───── Data for analysis

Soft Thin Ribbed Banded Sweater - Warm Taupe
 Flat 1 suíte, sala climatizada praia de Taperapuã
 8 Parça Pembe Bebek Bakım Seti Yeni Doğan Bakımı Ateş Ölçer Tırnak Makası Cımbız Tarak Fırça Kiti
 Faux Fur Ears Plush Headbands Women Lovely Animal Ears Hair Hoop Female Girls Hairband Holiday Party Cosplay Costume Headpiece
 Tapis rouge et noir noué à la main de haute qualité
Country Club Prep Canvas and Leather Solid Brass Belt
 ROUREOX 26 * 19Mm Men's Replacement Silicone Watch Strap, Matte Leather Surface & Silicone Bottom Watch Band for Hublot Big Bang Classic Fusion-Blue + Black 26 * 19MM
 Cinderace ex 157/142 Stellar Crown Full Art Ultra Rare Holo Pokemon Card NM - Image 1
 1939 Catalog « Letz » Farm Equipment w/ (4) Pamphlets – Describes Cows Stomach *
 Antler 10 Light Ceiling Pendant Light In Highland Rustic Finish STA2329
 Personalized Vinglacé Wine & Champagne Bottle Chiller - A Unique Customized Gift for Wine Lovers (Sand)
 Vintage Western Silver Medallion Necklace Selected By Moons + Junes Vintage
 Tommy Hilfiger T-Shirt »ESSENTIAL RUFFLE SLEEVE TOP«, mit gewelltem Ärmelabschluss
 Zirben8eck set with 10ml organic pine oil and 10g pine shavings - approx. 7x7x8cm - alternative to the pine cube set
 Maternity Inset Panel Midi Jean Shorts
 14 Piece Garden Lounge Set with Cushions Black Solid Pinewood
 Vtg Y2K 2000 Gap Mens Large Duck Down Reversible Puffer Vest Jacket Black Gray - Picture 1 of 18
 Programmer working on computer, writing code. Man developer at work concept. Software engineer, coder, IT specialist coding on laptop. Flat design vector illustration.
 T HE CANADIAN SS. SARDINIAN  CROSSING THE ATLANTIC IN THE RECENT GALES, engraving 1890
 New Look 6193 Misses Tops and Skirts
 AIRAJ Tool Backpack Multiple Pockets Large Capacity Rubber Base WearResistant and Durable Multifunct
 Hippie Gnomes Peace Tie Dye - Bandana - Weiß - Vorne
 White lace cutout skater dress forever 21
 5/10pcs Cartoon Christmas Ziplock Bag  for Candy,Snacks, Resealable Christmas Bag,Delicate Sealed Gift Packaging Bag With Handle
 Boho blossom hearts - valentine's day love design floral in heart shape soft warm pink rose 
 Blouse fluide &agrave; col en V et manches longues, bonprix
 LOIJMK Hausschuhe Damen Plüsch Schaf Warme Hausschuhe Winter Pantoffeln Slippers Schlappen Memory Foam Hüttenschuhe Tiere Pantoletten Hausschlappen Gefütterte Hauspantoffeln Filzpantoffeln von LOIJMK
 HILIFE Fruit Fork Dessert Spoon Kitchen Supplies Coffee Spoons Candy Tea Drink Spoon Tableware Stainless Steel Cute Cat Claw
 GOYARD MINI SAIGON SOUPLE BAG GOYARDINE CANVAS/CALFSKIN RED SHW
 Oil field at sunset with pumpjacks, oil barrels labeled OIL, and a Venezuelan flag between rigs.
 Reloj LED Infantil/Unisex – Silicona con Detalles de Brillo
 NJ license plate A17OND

──────────

• Instructions to follow:
Return all lines from the entries that contain the string "Black".

• Answer:
 ROUREOX 26 * 19Mm Men's Replacement Silicone Watch Strap, Matte Leather Surface & Silicone Bottom Watch Band for Hublot Big Bang Classic Fusion-Blue + Black 26 * 19MM
 14 Piece Garden Lounge Set with Cushions Black Solid Pinewood
 Vtg Y2K 2000 Gap Mens Large Duck Down Reversible Puffer Vest Jacket Black Gray - Picture 1 of 18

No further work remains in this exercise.